Kimse okumayacaksa kitap yazabilirim. Çünkü söz; gerçekleşir. Bilmek ve inanmak arasında bir zıtlık olduğundan emin miyiz?
Şimdi anladım yazmanın ne demek olduğunu? Heyecan ve korku... Düşünme hızı, bilincin bu hıza yetmediği anlarda hayal etme hızı ile aynı oranda olmalıdır.
İkisinde de titreme var. Heyecanlı olduğun için mi yoksa korktuğun için mi titriyorsun?
Bunun cevabı yeterince sorgulanabilirse, bu klasik ikili ile: 'duygu' ve 'düşünce' arasındaki ayrımlar belirsizleşecektir.
Seçim; duygu yoluyla mı, düşünce yoluyla mı yapılır? An' daki sonsuz ihtimallerin arasında, hangisini seçer; tüm sonsuz ihtimallerin hepsini mi, tek bir ihtimali mi? Hayal ettiğin her şeyin gerçekleşme ihtimaline inanıyor olsaydın ya da ihtimalin kesinliğe emın olsaydın, ne hayal ederdin?
Amaç ne olurdu? Amacın kaynağı ne?
Düşünmek ve hayal etmek aynı şey olsaydı, birbirlerinii hiç bir ihtimalde etkilemeselerdi...

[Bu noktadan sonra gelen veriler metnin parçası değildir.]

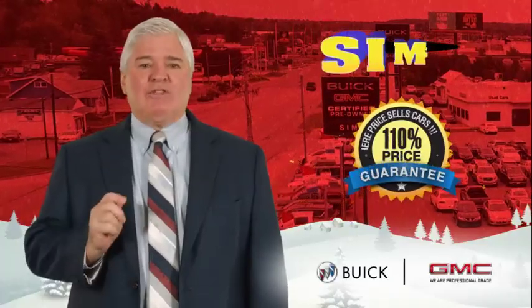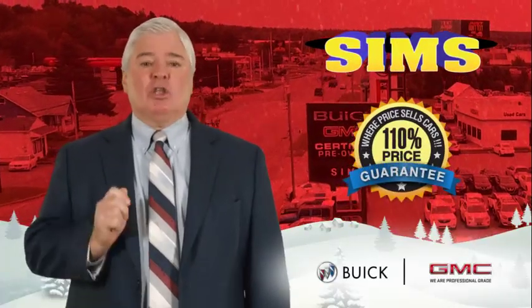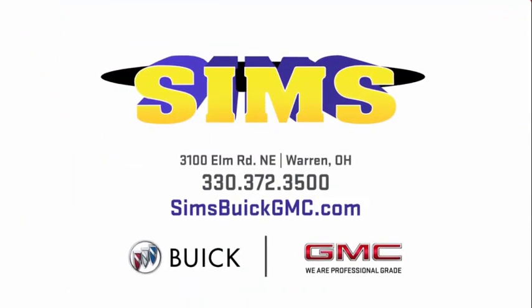And remember, if you haven't shopped Sims Buick GMC, then you're not done shopping. Located on Elm Road, where Price sells cars.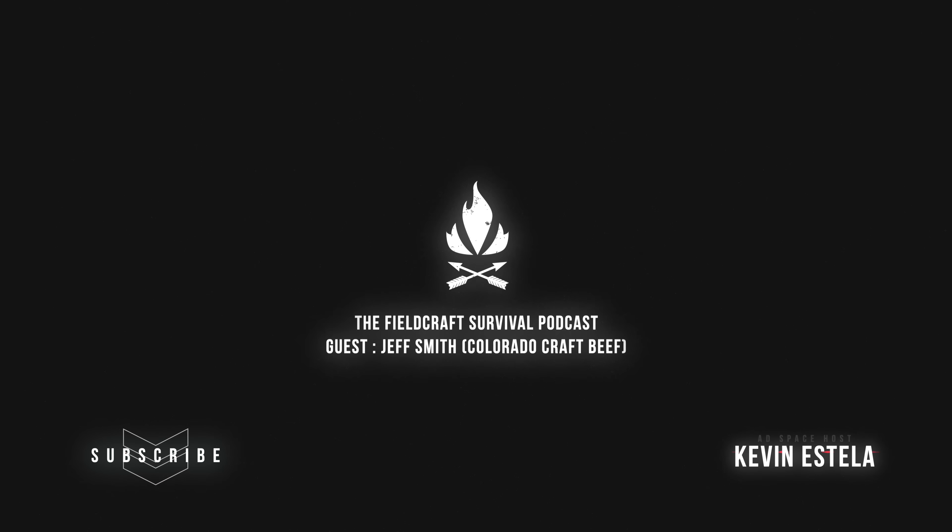Hey guys, welcome to the Fieldcraft Survival podcast. We got a good one lined up for you today. But before we get started, we got to recognize our sponsors.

Hayal ederken görüntüler neye göre seçilir? Bu seçimde duygu mu yoksa düşünce mi, seçim yapılmasında daha etkilidir? Yapay zekaların, yapay zeka ürettiğini düşünürsek; beyne sonsuz görüntü, sonsuz sayıda ses frekansı, sonsuz çeşitlilikte koku ve sonsuz uyarıcı alan dokunma duyusunu da katabilecek sınıra gelince, 'devrim olsa keşke" diye kim düşünür, kim hayal eder, eyleme kim geçer, kim yaşar? Düşünülür olanla hayal edilmiş olan arasındaki biyolojik ya da fiziksel mesafeye bakılldığında, 'hiç bir ayrımın yapılmaması gerekir' de denmemeli çünkü yaşam alanında bu ayrım işe yarar. Fakat düşünce ve hayal edilir olan arasında biyolojik ve fiziksel olan aynileşirse, insan nasıl yaşardı, yapay zeka ne yapardı?
İnsan ne düşünüyorsa onu hayal eder olsaydı ya da ne hayal ediyorsa o olsaydı ne olurdu? Bu çözülebiilseydi; 'belirleme' ya da 'seçim yapma' gibi sonuçları olan duygu ve düşüncenin ne olduğuna dair bir keşfin ön varsayımları ne olmalıydı?